Squadre di nuovo in pista per Gara 3, sulle piste dove è cominciata la serie. L’Asiago cerca il terzo successo dopo essersi portato sul 2-0, il Val Pusteria cerca la seconda vittoria dopo aver espugnato la Ritten Arena. Primo face-off alle 19:30 in quel di Brunico, alla Leitner Solar Arena.

pusteria-renonHC Val Pusteria Lupi – Rittner Buam 
Leitner Solar Arena di Brunico – ore 19:30
Arbitri: Claudio Ferrini, Luca Marri; Christian Cristeli, Marco Mori
Il Val Pusteria ritorna sul ghiaccio amico dopo aver aggiustato la serie. Il black-out di inizio gara è costato caro ai Rittner Buam, capaci di recuperare e tornare a farsi sotto, senza però raggiungere il pareggio. Il 4-3 finale premia i Lupi che pareggiano i conti facendo nuovamente saltare il fattore ghiaccio. Una dinamica che ricorda l’ultima finale scudetto tra i due team. La serie è indubbiamente combattuta, ed è difficile capire chi abbia una marcia in più. Il Renon è determinato a difendere il titolo, il Val Pusteria vuole sciogliere la maledizione Rittner e agguantare la seconda finale consecutiva. E’ troppo presto per i pronostici, in virtù proprio dell’incertezza e della combattività che regnano sovrane sugli incontri tra i due team. Alle 19:30 sarà la volta di Gara3, e i Lupi non hanno intenzione di farsi sorprendere in casa come accaduto nel primo incontro. Dopo due gare in tribuna per i Buam potrebbe essere la volta di DiBenedetto, che si è già fatto notare nella serie contro il Gherdeina. Difficile capire chi al suo posto si accomoderà in tribuna. Due soliti assenti per coach Richer: Erlacher e Pirchler, Ploner per coach Raymond.

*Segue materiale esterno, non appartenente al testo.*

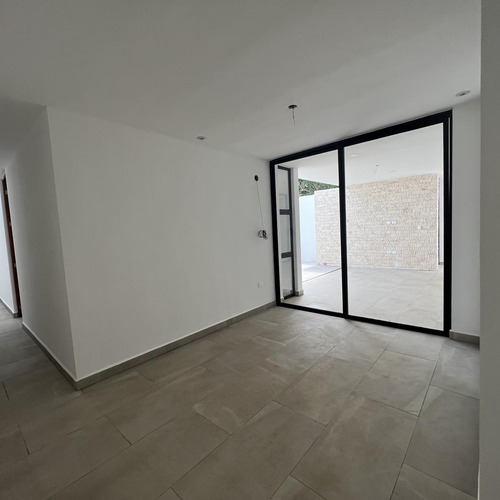 Casa En Venta Merida, Alura Residencial Cholul, 1 Planta, Entrega Inmediata.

Gara1: Val Pusteria – Rittner Buam 2-3 so
Gara2: Rittner Buam – Val Pusteria 3-4

asiago-milanoAsiago Hockey 1935 – Hockey Milano Rossoblu
Stadio Odegar di Asiago – ore 20:30
Arbitri: Gluaco Colcuc, Leandro Soraperra; Christian Gamper, Alex Waldthaler
L’Asiago torna all’Odegar dopo aver espugnato l’Agorà e aver fatto sua anche gara 2. La sensazione è che il Milano stia finendo il carburante per affrontare al meglio la serie contro un team visibilmente superiore talvolta sornione, che comincia i match in sordina per poi prendersi tutto il ghiaccio e lasciare poco spazio alle iniziative avversarie. Così, dopo essere passato in vantaggio sia in Gara1 che in Gara2, il Milano ha poi ceduto ad un Asiago più navigato nei playoff, che gioca a memoria e sa esprimersi al meglio non appena decide di farlo mettendo ordine tra i reparti e nelle giocate sul ghiaccio. Per il Milano Gara3 non è l’ultima spiaggia, ma un punto di svolta importante nella serie. Una terza sconfitta lo costringerebbe con le spalle al muro già da gara4. Per gli Stellati, serve ripetere quanto visto in crescendo nel corso dei primi due match. Tra gli assenti, nel Milano i lungodegenti Gron e Latin, con Murray che è eroicamente sceso in pista in gara2, seppur con un occhio blu causa zigomo fratturato. Per l’Asiago presenti Munari e Pace, assenti Magnabosco e DeVergilio (ultima giornata di squalifica per lui).